Interop: Cloud, Consumerization Create IT Sea Change
Cloud computing and the consumerization of IT are the two key forces driving IT and changing the face of the industry, Citrix President and CEO Mark Templeton told a packed house Tuesday at Interop Las Vegas 2011.
And as the cloud era takes hold, it is IT's duty to embrace the shift and break the shackles of the old-guard PC era.
"We're moving very, very rapidly form the PC era … to the cloud era," Templeton said during his Interop keynote at Mandalay Bay.
Where the PC era focused on building systems, lock-in, fixed costs and other out-dated models, the cloud era is a pay-by-the-drink, opt-in elastic environment that removes a great deal of complexity and introduces flexibility, Templeton said.
Templeton compared today's IT shift to the Direct TV model, where content is aggregated, orchestrated and delivered, but that the devices and network have no specific controls over that content.
"This is a huge change," he said, adding "It's change that will be driven by the biggest force we've ever seen in computing and that's the consumerization of IT."
Templeton predicted that the consumerization of IT will force more IT change over the next decade than any other technology trend. The ability to bring your own device and leverage self-service personal clouds and cloud applications are driving the explosion of consumer devices into the enterprise.
"Consumers are taking control of IT … We're going to have to respond," he said.

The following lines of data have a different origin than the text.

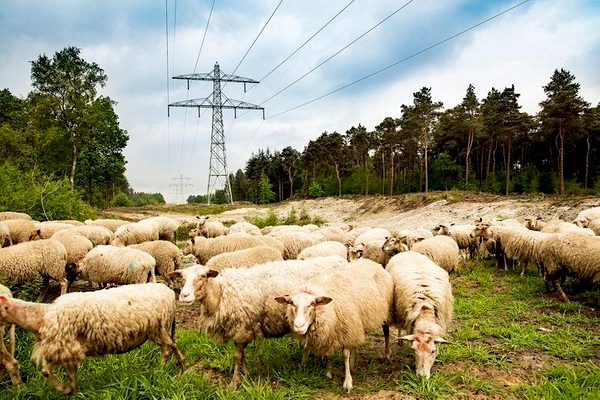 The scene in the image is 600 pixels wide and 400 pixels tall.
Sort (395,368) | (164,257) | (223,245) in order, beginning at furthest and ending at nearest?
1. (223,245)
2. (164,257)
3. (395,368)

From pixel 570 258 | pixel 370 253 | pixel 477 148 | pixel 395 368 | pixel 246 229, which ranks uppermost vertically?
pixel 477 148

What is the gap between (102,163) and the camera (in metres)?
50.0

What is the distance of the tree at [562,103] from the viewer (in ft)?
128

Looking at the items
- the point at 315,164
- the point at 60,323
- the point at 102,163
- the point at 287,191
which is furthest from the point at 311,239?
the point at 287,191

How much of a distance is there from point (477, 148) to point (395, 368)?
66510mm

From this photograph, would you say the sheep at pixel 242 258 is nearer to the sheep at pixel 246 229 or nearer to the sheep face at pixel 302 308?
the sheep face at pixel 302 308

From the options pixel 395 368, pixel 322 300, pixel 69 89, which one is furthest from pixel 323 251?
pixel 69 89

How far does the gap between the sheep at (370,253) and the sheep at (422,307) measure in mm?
4312

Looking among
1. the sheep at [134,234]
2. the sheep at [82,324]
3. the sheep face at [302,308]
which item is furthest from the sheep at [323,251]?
the sheep at [134,234]

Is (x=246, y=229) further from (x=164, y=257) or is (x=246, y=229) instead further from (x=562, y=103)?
(x=562, y=103)

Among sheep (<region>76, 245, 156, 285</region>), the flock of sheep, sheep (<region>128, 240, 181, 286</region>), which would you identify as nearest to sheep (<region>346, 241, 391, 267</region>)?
the flock of sheep

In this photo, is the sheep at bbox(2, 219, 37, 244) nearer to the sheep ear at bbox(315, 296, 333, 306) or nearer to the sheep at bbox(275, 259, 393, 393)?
the sheep at bbox(275, 259, 393, 393)

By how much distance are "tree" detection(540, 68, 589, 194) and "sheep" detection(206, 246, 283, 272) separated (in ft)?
128

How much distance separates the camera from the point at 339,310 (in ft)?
20.8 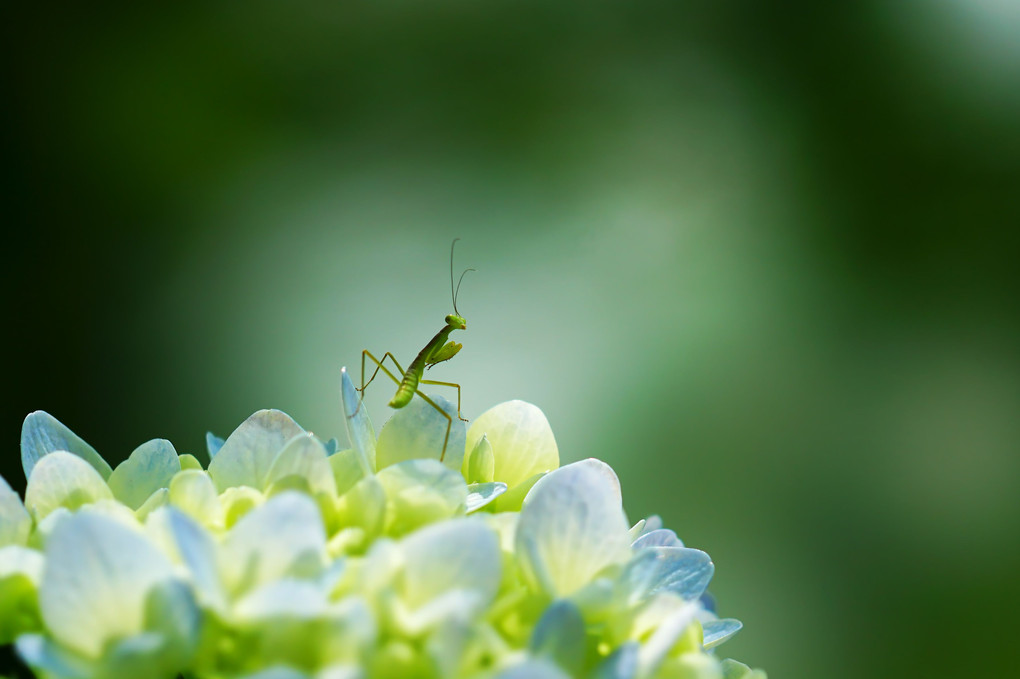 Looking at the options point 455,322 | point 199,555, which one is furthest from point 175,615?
point 455,322

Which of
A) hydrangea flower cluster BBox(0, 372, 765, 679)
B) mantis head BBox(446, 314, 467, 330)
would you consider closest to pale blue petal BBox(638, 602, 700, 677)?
hydrangea flower cluster BBox(0, 372, 765, 679)

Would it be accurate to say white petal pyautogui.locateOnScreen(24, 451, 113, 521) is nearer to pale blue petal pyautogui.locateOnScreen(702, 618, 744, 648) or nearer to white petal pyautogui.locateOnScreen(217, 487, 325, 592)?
white petal pyautogui.locateOnScreen(217, 487, 325, 592)

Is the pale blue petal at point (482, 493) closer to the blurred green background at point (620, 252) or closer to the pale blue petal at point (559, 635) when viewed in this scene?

The era of bring your own computer, or BYO-C as Templeton called it, has spawned several more BYOs, including BYO-apps, or leveraging personal cloud apps for business user; BYO-network, the ability to connect to consumer 3G and 4G networks; BYO-identity; and BYO-compute, through which end-users buy infrastructure and capacity from cloud providers.
And if companies are smart, Templeton said, they'll embrace the new reality.
"Don't fight it. Feature it," he advised.
To embrace it, companies can move services from inside IT and deliver them via universal clients and create clouds service bridges. That method stitches together devices, distribution, IT and the cloud, he said. It also creates the ability to have an infinite data center.
To help accommodate the drive to the cloud and the consumerization of IT, Templeton unveiled Citrix NetScaler SDX, a new service delivery controller that delivers apps, data, voice, video and other services and can run multiple virtual NetScaler instances. NetScaler SDX runs on Xen and can run up to 40 NetScaler VPXs, the virtual version of NetScaler, to create a service delivery fabric.
Templeton also detailed Citrix Branch Repeater 6, which offers optimization control, and AppFlow, a standard for app visibility and app intelligence.
"We're making this incredible transition from the PC era to the cloud era," he said. "It's moving way faster than we ever imagined."